Nos bastidores, “Cara e Coroa” foi marcada por tensões e desafios criativos. Um dos episódios mais emblemáticos foi o desentendimento entre Maitê Proença e o diretor Wolf Maya. Proença interpretava Heloísa, uma das vilãs da novela, mas sua personagem foi eliminada antes do fim da trama devido ao conflito com Wolf. Isso levou a uma reestruturação na narrativa, onde a vilania foi centralizada nas ações de Mauro Prates, vivido por Miguel Falabella. Falabella, que já estava exaurido devido à sua participação em peças de teatro, à apresentação do “Vídeo Show” e às gravações da novela, chegou a tirar duas semanas de férias para recuperar as energias. Em entrevista, anos depois, lamentou: “Eu fiquei sem rumo na novela”. A dublê da atriz, porém, acabou caindo de fato no mar e sofreu alguns ferimentos.
A produção de “Cara e Coroa” enfrentou desafios significativos na montagem do elenco e na execução das gravações. A dificuldade em fechar o elenco principal refletiu-se em mudanças de última hora. Ricardo Macchi estava originalmente pré-escalado para um papel que acabou ficando com Márcio Garcia. Macchi foi então deslocado para um outro papel, o protagonista, pelo qual acabou sendo marcado como o eterno “Cigano Igor”, em “Explode Coração”. Rosi Campos, que brilhou em “Cara e Coroa”, recebeu o prêmio de melhor atriz coadjuvante de 1995 pela APCA. Curiosamente, o papel que marcou sua participação originalmente seria de Cláudia Jimenez (1958-2022), que não pôde participar da novela.

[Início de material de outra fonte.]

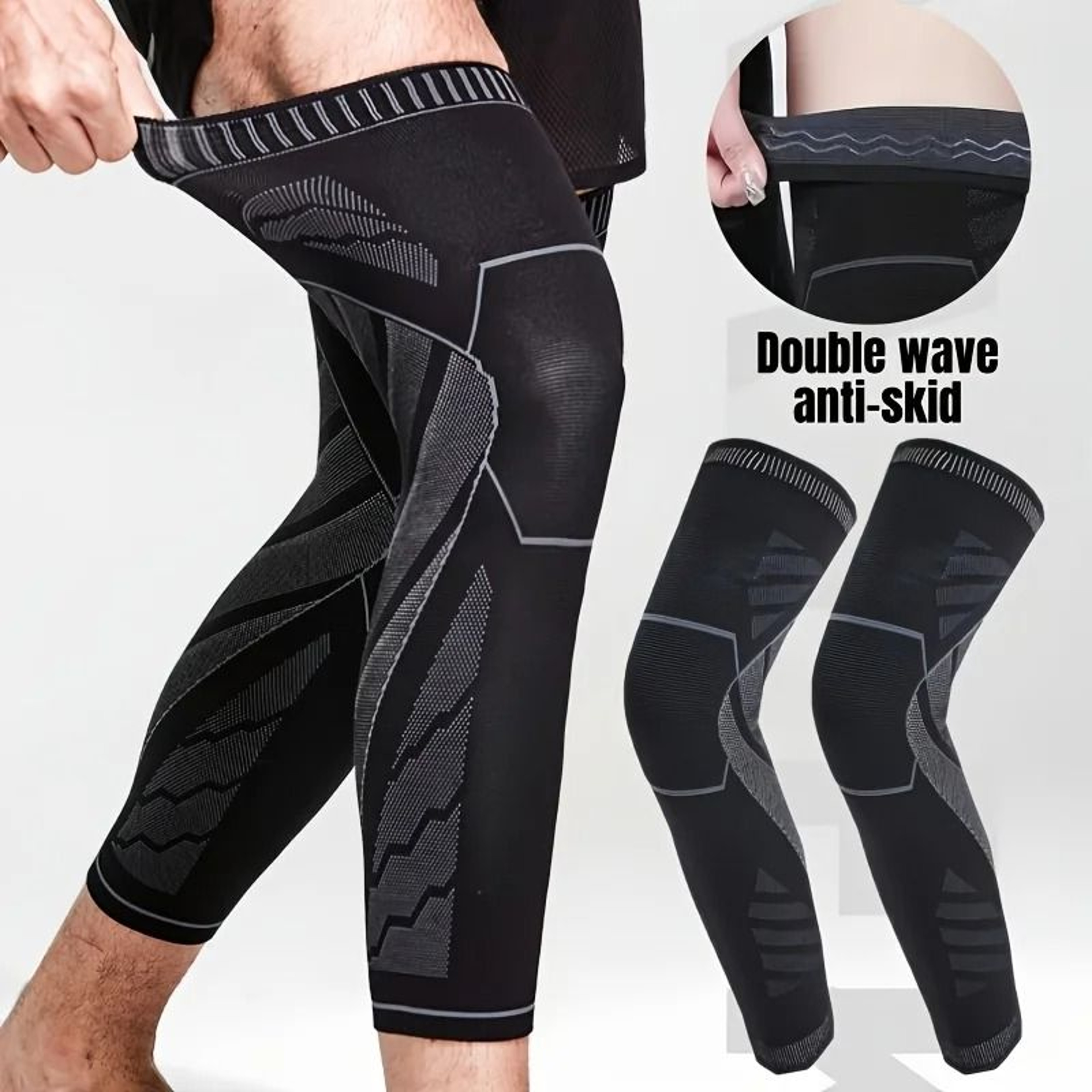 Graduated Full Leg Compression Sleeve For Thigh Knee And Calf Support 1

“Cara e Coroa” também marcou a estreia de diversos talentos na teledramaturgia da Globo. Luís Mello, que fez sua primeira aparição em novelas, foi alvo de críticas severas de Antunes Filho (1929-2019), renomado diretor de teatro, que não aceitava a transição de Mello do teatro para a TV. Em uma declaração ácida, Antunes afirmou: “Ele está fazendo televisão para comprar um carro e eletrodomésticos.” No entanto, a atuação de Mello foi amplamente reconhecida, e ele acabou sendo aclamado como a revelação masculina na TV pela Associação Paulista de Críticos de Arte (APCA) em 1995.
Além de Mello, a novela trouxe a estreia de atores como Heitor Martinez, Juliana Baroni, Maria Maya e Cláudia Liz. Outro destaque foi a participação de Arlete Montenegro, uma veterana da dramaturgia que, apesar de sua vasta experiência, fez sua estreia na Globo com essa novela. Além disso, foi em “Cara e Coroa” que o filho de Cissa Guimarães, João Velho, fez sua estreia na TV, interpretando o personagem de Miguel Falabella quando jovem. Esse detalhe, pouco mencionado ao longo dos anos, acrescenta uma camada adicional ao legado da novela. Além dos já mencionados estreantes, a novela serviu como plataforma de lançamento para Maria Maya, que vinha de uma família já estabelecida no meio artístico, sendo filha de Cininha de Paula e do diretor Wolf Maya. A novela também marcou o retorno de Lúcia Veríssimo às telinhas, um momento aguardado pelos fãs da atriz, que estava fora das novelas desde “Despedida de Solteiro”.
A presença de Susana Werner na abertura da novela também chamou a atenção. Então modelo e ainda não lançada como atriz, Werner apareceu na abertura, mergulhando e atravessando um espelho no fundo do mar. As cenas teriam sido gravadas no Caribe, e Werner já havia sido eleita musa da Revista de Domingo do Jornal do Brasil. A novela “Cara e Coroa”, com suas complexidades, reviravoltas e tensões, continua a ser lembrada como uma produção icônica que refletiu e influenciou uma era significativa da teledramaturgia brasileira.